Eğer siz de bu konuyla boğuşuyorsanız şunu bilin ki sizin de duygularınız her zaman değişiyor. Şu anda çok zor durumda hissediyor olabilirsiniz ama yarın uyandığınızda, üç gün sonra, yirmi gün sonra, beş ay sonra çok daha farklı hissedeceksiniz ve sorunlarınız size eskisi kadar büyük görünmeyecek, en azından o kadar büyük görünmeyeceği bir gün gelecek. Size ihtiyacı olan birçok kişi var; onlara yardım etmek size de umut verebilir. Tabii benim uzman felan olmadığımı, sadece kendi deneyimimi paylaştığımı hatırlatmak isterim. 

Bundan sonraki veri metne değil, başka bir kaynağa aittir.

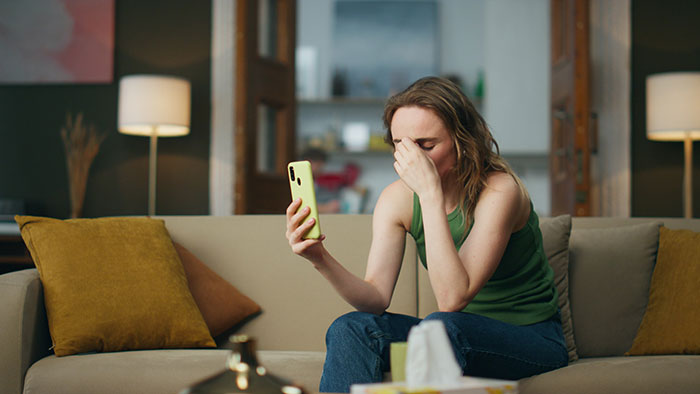 Woman sitting on couch looking distressed while holding phone, reflecting on suspicious work trip and relationship doubts.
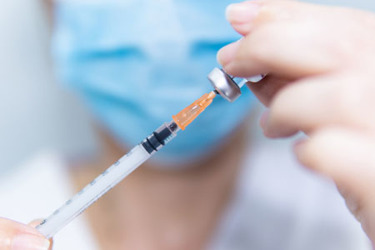 GettyImages-1371993517-syringe-vial-mask-vaccine-inject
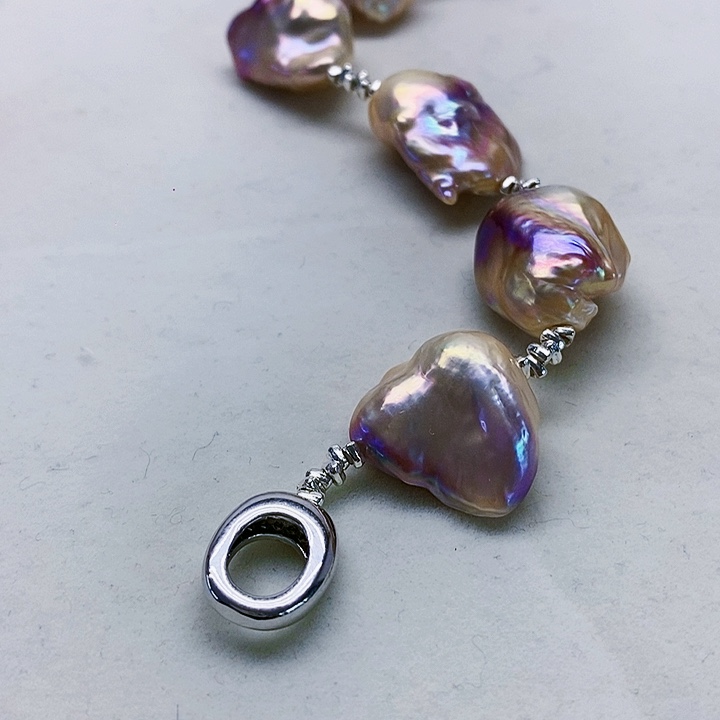 银S925镶嵌耳饰淡水珍珠八****?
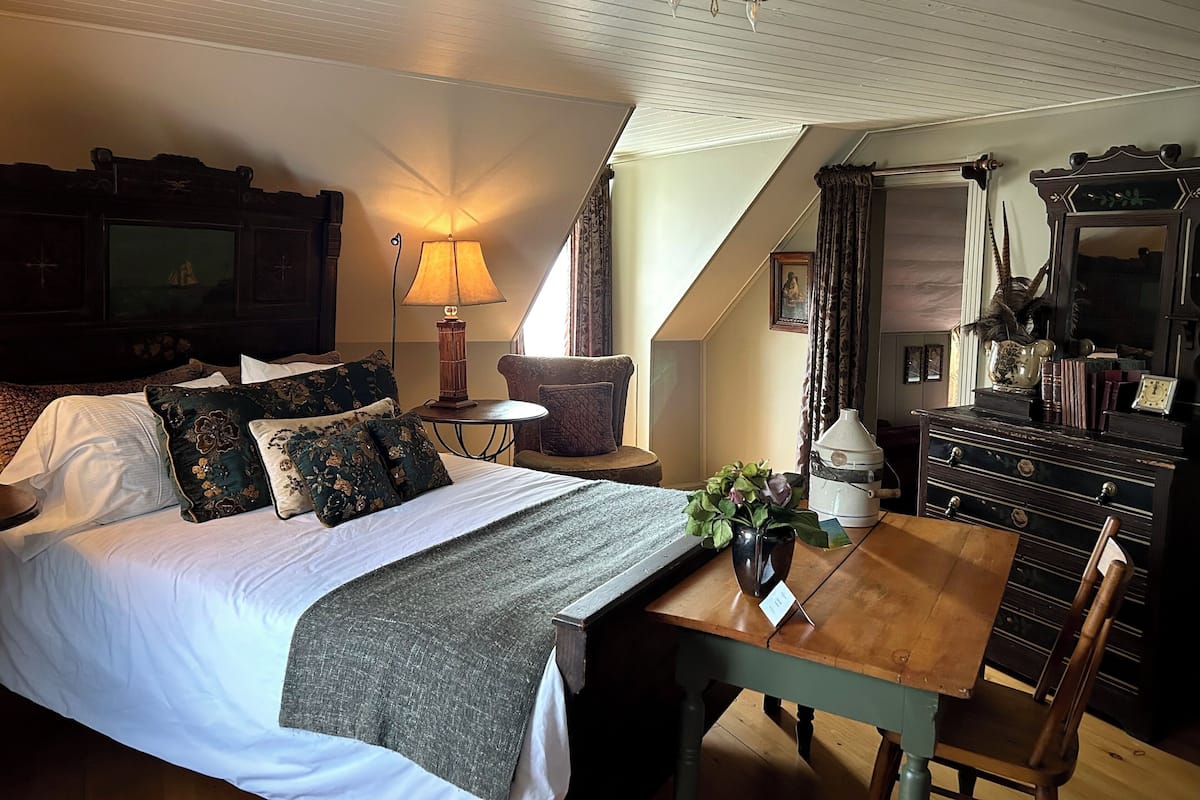 Une chambre à coucher avec un grand lit, une table sur laquelle est posé un vase, une commode et une lampe.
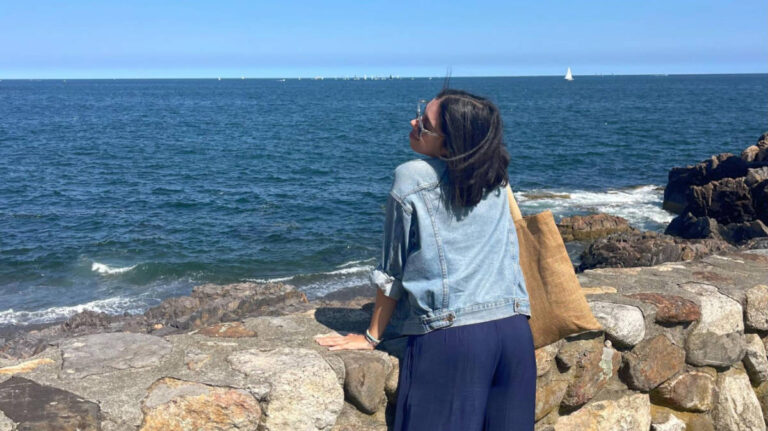 The author Claudicet Pena, enjoying the coastal views from the Castle Rock in Marblehead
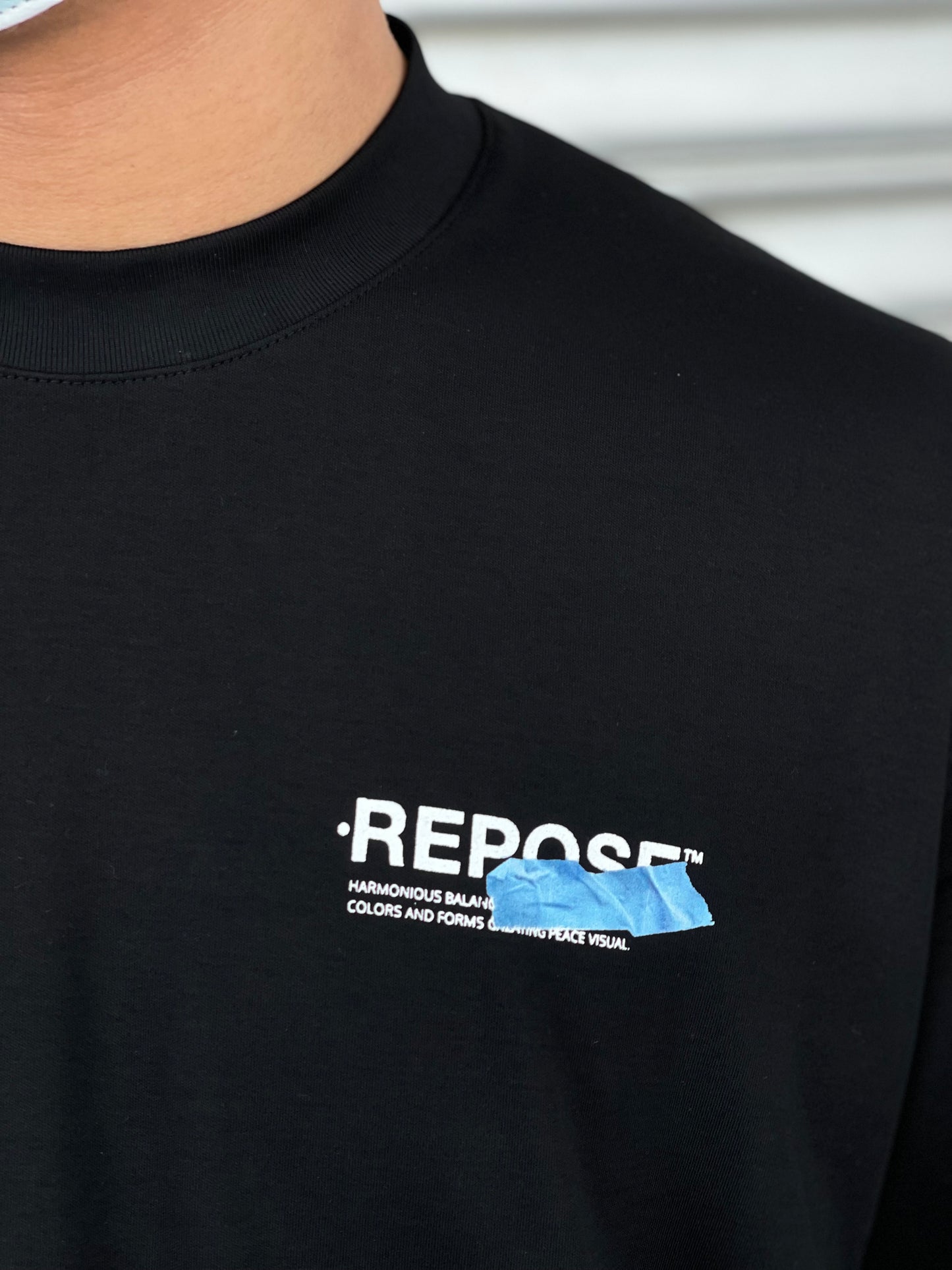 REPOSE PAPER TAPE LOGO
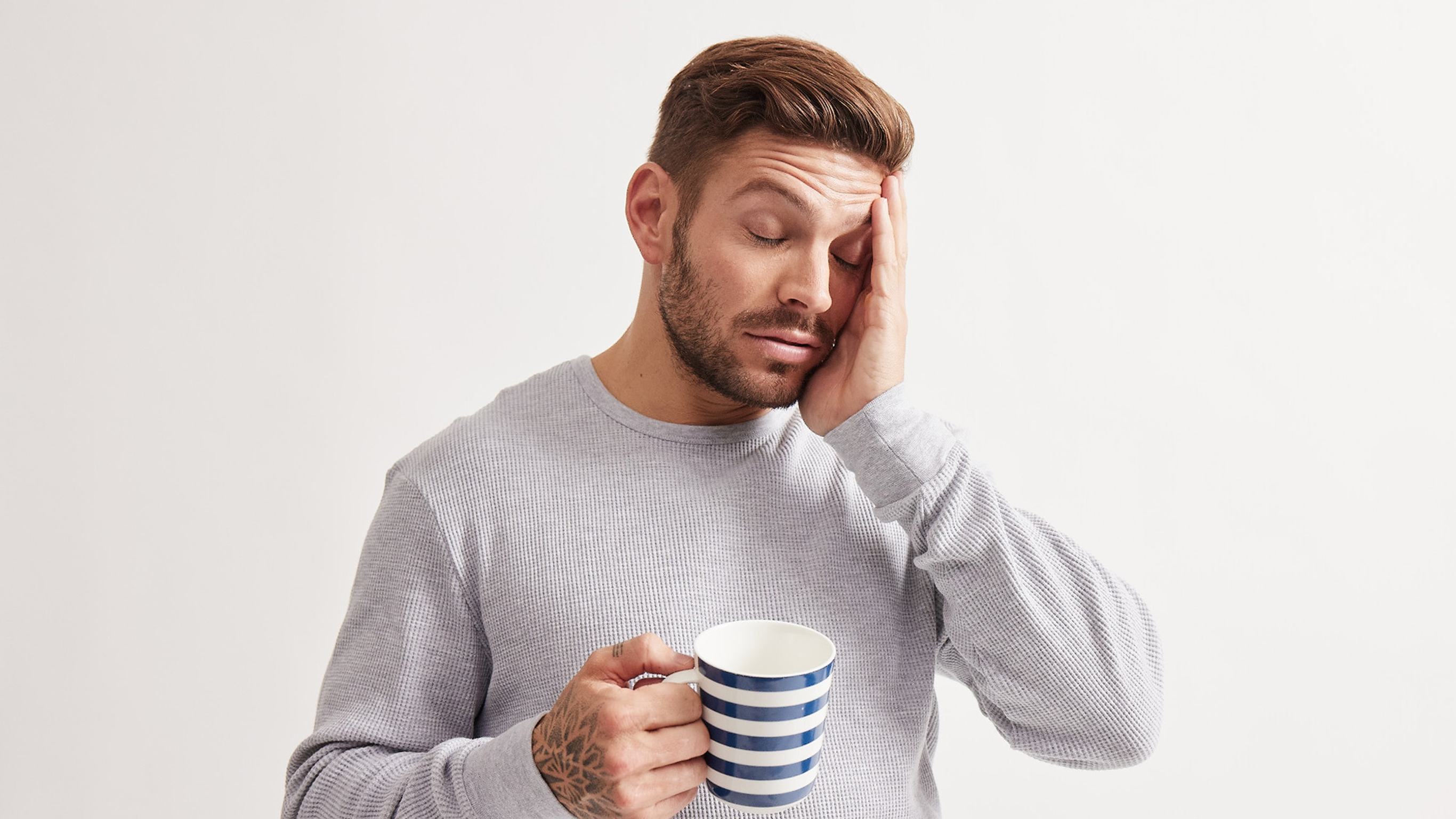 Luke Zocchi rubs the side of his head while sleepily holding a cup of hot drink.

Eğer kendinize zarar vermekle ilgili herhangi bir düşünceniz varsa hiç beklemeden hemen bir uzmandan yardım alın ya da güvendiğiniz bir yakınınıza haber verin. Başka çıkış yolları var, emin olun! Söz mü?

4 yorum:

  1. Meriçim, duygularını okumak içimi çok acıtsa da her seferinde sonuna kadar okuyorum ve her defasında sana, aklına, mantığına ve gücüne hayran kalıyorum. Başka da söz bulamıyorum. Gücün, aklın seni korusun ve tüm sevdiklerin, tüm seni sevenler.

    YanıtlaSil
    Yanıtlar
    1. Çok sağolasın Işık;

      Eh ne yapalım, kendimce bir şeylere tutunmaya çalışıyorum işte. Ah, tutunacak bir şeyler bulmak...

      Sil
  2. Meriç, çok bencilce gelecek belki ama yine de bil isterim, lütfen umudunu yitirme, çünkü bu dünya senin gibi güzel bir insanın varolduğunu bildiğim zaman daha yaşanılası bir yer oluyor. Sevgiler, Betül.

    YanıtlaSil
    Yanıtlar
    1. Sağolasın Betül, utandırdın beni. Ben de sizlerin olduğu bir yerde devam etmek isterim tabii ki... İyi ki varsınız!